(Beginning of Provided data)

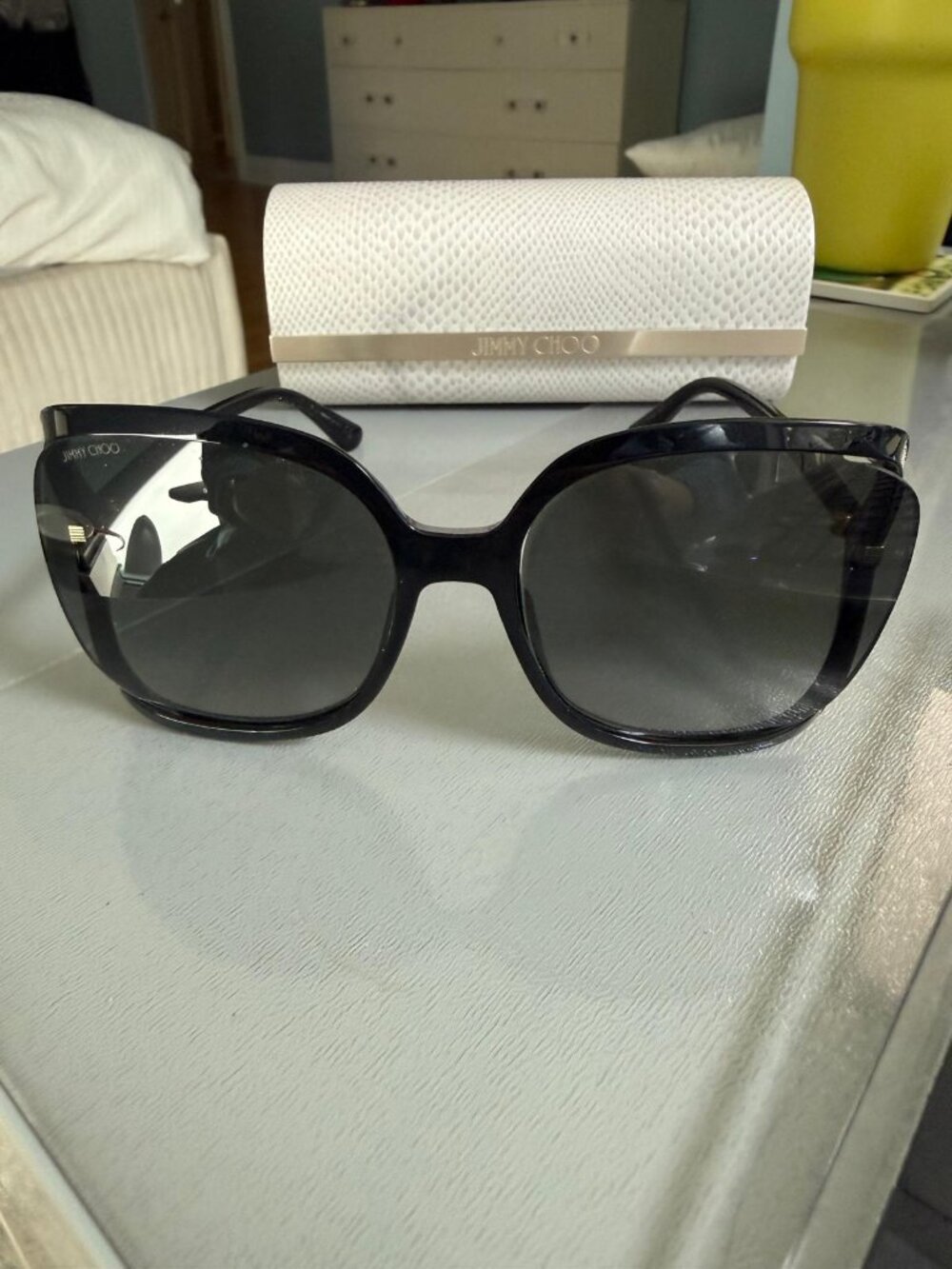 Jimmy Choo TILDA/G/ 80790 Black Silver Glitter Womens Sunglasses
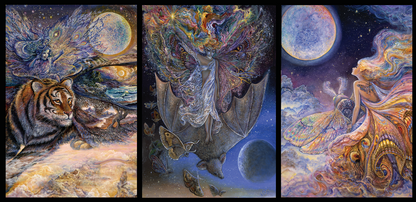 front of sustainable greetings card with Triptych of fantasy artwork featuring a tiger moth fairy, fairy riding a bat, and a fairy flying to the moon.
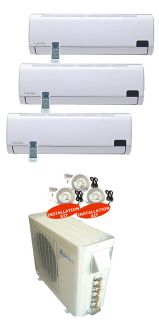 Tri Zone Mini Ductless Split 3 x 12 000 BTU Klimaire Toshiba Cool Heat SEER 16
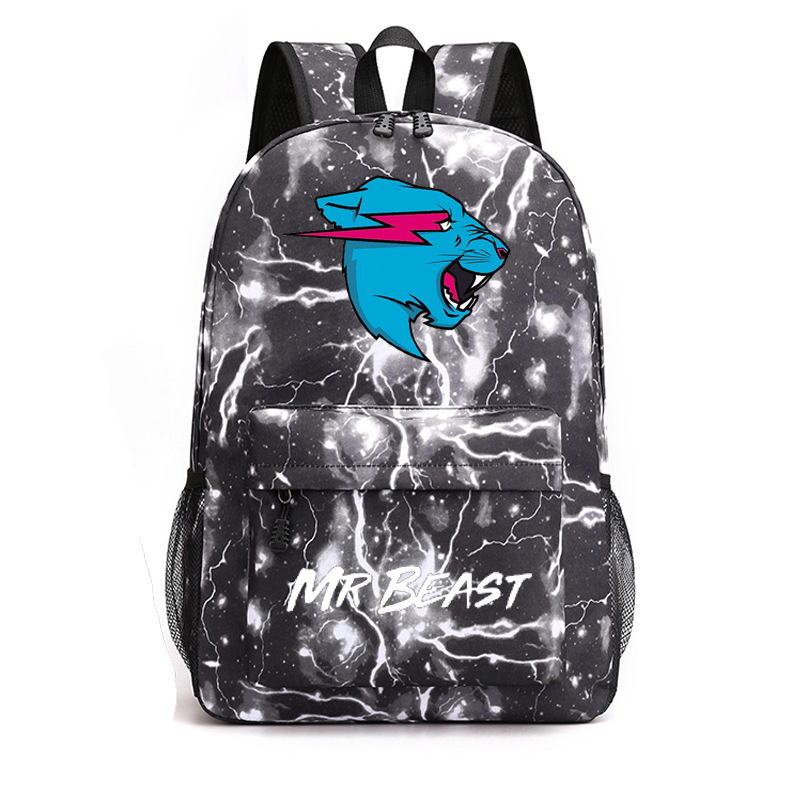 Kids Mr Beast Large Capacity Backpack Laptop Bags Lightweight Rucksack Causal - Picture 21 of 25
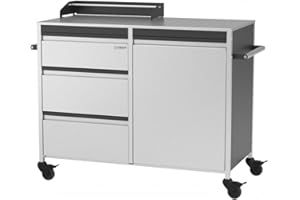 ‎SCHICKLING Grilltisch Big Buddy Outdoor Beistellwagen aus Edelstahl mit großer Arbeitsfläche 117x55cm, Grillschrank, Schubladen mit Einsatz, Lenkrollen – Made in Germany: Ergonomische Arbeitshöhe 95cm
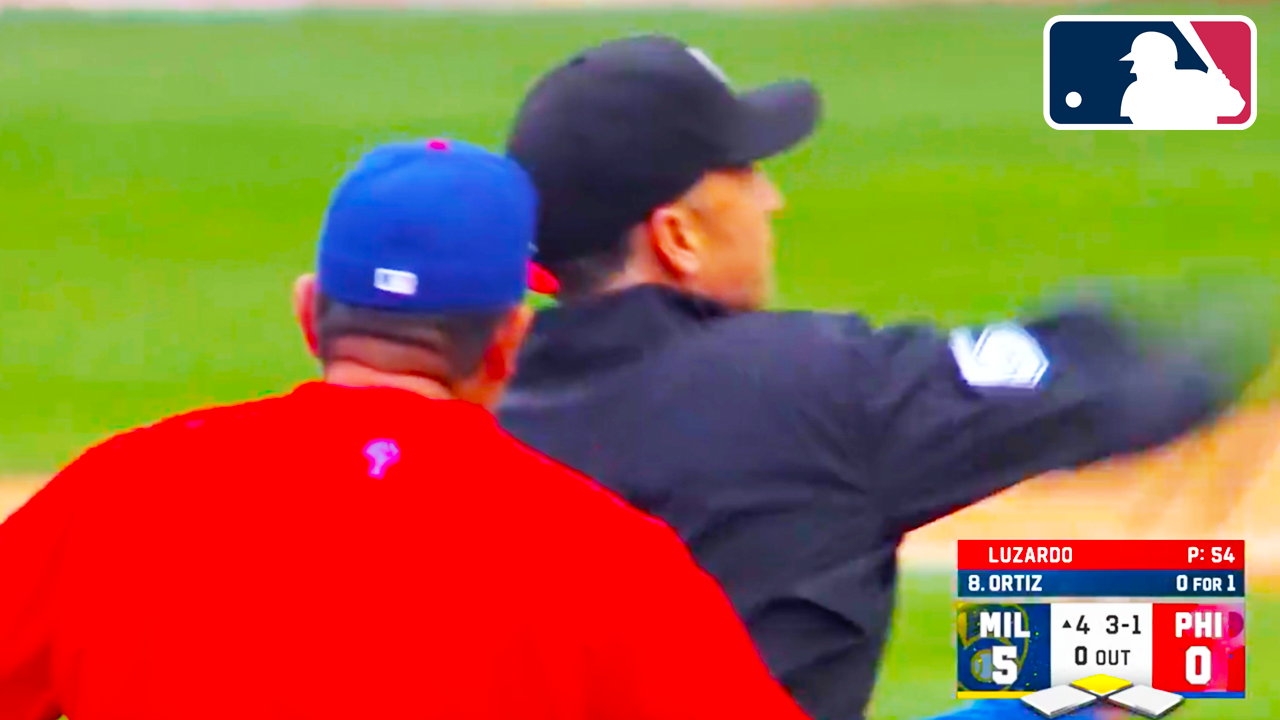 Rob Thomson was ejected after Jesús Luzardo was called for a balk | Phillies vs Brewers 2025 MLB Highlights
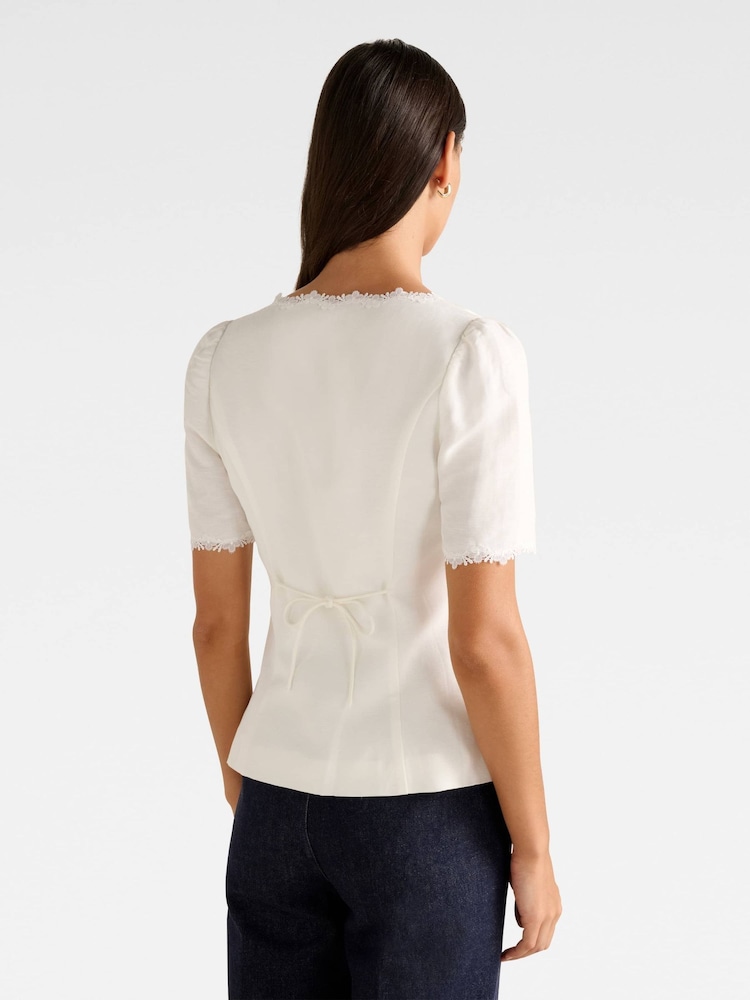Forever New White Thea Tailored Top Contains Linen - Image 2 of 5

(End of Provided data)

About this task: A verbatim rendering of the listing above is required, without any of its pictures.

Solution to the problem:
 Jimmy Choo TILDA/G/ 80790 Black Silver Glitter Womens Sunglasses
 front of sustainable greetings card with Triptych of fantasy artwork featuring a tiger moth fairy, fairy riding a bat, and a fairy flying to the moon.
 Tri Zone Mini Ductless Split 3 x 12 000 BTU Klimaire Toshiba Cool Heat SEER 16
 Kids Mr Beast Large Capacity Backpack Laptop Bags Lightweight Rucksack Causal - Picture 21 of 25
 ‎SCHICKLING Grilltisch Big Buddy Outdoor Beistellwagen aus Edelstahl mit großer Arbeitsfläche 117x55cm, Grillschrank, Schubladen mit Einsatz, Lenkrollen – Made in Germany: Ergonomische Arbeitshöhe 95cm
 Rob Thomson was ejected after Jesús Luzardo was called for a balk | Phillies vs Brewers 2025 MLB Highlights
Forever New White Thea Tailored Top Contains Linen - Image 2 of 5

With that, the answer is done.